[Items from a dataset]
______

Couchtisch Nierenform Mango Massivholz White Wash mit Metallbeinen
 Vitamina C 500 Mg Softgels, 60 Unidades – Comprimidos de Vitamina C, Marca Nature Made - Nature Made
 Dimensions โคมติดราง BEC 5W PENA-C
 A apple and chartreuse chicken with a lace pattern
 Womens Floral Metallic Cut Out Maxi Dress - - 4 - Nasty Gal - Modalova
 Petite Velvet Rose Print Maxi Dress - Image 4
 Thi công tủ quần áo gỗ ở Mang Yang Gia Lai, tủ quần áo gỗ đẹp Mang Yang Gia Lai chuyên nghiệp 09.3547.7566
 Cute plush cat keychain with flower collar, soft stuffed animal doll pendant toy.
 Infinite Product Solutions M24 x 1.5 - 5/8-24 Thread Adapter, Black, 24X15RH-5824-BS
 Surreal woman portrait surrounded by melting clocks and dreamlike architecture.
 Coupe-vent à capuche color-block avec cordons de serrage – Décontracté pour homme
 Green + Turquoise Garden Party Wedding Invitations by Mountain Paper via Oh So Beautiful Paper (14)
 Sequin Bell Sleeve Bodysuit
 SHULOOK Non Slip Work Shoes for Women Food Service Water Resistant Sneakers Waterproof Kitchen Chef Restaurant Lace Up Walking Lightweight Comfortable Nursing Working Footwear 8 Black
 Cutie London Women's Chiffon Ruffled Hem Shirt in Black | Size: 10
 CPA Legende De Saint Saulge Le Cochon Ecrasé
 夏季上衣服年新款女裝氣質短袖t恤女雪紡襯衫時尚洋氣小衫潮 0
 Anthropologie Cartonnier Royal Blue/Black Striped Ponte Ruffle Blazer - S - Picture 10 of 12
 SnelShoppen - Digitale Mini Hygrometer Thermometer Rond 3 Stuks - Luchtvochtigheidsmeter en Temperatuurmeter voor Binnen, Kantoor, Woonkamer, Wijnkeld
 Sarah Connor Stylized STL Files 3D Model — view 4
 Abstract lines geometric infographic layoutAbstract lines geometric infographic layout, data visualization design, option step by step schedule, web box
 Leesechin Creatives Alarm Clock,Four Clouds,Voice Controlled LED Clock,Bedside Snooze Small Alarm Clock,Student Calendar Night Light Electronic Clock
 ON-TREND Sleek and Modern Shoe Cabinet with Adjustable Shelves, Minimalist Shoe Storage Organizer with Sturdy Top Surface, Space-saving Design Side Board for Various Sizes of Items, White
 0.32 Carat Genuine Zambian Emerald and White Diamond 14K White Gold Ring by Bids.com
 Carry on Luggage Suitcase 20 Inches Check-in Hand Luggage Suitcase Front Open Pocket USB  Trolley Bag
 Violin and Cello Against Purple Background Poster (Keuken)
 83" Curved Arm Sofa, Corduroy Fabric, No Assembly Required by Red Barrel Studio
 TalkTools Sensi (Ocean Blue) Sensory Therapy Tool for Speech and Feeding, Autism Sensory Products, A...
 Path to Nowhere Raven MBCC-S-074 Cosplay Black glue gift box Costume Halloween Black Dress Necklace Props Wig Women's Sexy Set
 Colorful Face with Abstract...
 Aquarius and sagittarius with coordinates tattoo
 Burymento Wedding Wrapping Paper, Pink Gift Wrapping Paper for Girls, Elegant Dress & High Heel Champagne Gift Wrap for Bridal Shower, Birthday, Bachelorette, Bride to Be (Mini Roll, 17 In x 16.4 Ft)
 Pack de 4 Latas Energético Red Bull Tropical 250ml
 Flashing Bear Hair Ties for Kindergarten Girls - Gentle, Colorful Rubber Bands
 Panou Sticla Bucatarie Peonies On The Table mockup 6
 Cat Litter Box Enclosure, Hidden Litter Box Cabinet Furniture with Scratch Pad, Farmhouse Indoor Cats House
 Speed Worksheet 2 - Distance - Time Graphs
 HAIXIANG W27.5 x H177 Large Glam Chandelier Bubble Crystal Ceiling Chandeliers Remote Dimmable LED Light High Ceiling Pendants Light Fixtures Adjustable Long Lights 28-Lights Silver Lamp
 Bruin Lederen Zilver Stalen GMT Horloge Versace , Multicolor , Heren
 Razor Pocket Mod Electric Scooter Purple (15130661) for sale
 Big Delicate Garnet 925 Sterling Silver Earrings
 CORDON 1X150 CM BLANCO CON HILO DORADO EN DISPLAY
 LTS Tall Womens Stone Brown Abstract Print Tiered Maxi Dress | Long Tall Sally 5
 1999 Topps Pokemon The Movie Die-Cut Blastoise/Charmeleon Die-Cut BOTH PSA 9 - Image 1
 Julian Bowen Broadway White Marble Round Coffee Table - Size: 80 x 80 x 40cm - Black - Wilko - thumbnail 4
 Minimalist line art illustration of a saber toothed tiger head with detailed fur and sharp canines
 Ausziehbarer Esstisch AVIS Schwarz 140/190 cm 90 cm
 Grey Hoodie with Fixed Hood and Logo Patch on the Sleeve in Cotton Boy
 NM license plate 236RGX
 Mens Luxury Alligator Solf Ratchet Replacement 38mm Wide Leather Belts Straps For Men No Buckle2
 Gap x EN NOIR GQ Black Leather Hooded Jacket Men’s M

______

Only the lines above from the one with "Pack de 4 Latas" up to and including the one with "Julian Bowen Broadway" should be repeated, exactly as written.

 Pack de 4 Latas Energético Red Bull Tropical 250ml
 Flashing Bear Hair Ties for Kindergarten Girls - Gentle, Colorful Rubber Bands
 Panou Sticla Bucatarie Peonies On The Table mockup 6
 Cat Litter Box Enclosure, Hidden Litter Box Cabinet Furniture with Scratch Pad, Farmhouse Indoor Cats House
 Speed Worksheet 2 - Distance - Time Graphs
 HAIXIANG W27.5 x H177 Large Glam Chandelier Bubble Crystal Ceiling Chandeliers Remote Dimmable LED Light High Ceiling Pendants Light Fixtures Adjustable Long Lights 28-Lights Silver Lamp
 Bruin Lederen Zilver Stalen GMT Horloge Versace , Multicolor , Heren
 Razor Pocket Mod Electric Scooter Purple (15130661) for sale
 Big Delicate Garnet 925 Sterling Silver Earrings
 CORDON 1X150 CM BLANCO CON HILO DORADO EN DISPLAY
 LTS Tall Womens Stone Brown Abstract Print Tiered Maxi Dress | Long Tall Sally 5
 1999 Topps Pokemon The Movie Die-Cut Blastoise/Charmeleon Die-Cut BOTH PSA 9 - Image 1
 Julian Bowen Broadway White Marble Round Coffee Table - Size: 80 x 80 x 40cm - Black - Wilko - thumbnail 4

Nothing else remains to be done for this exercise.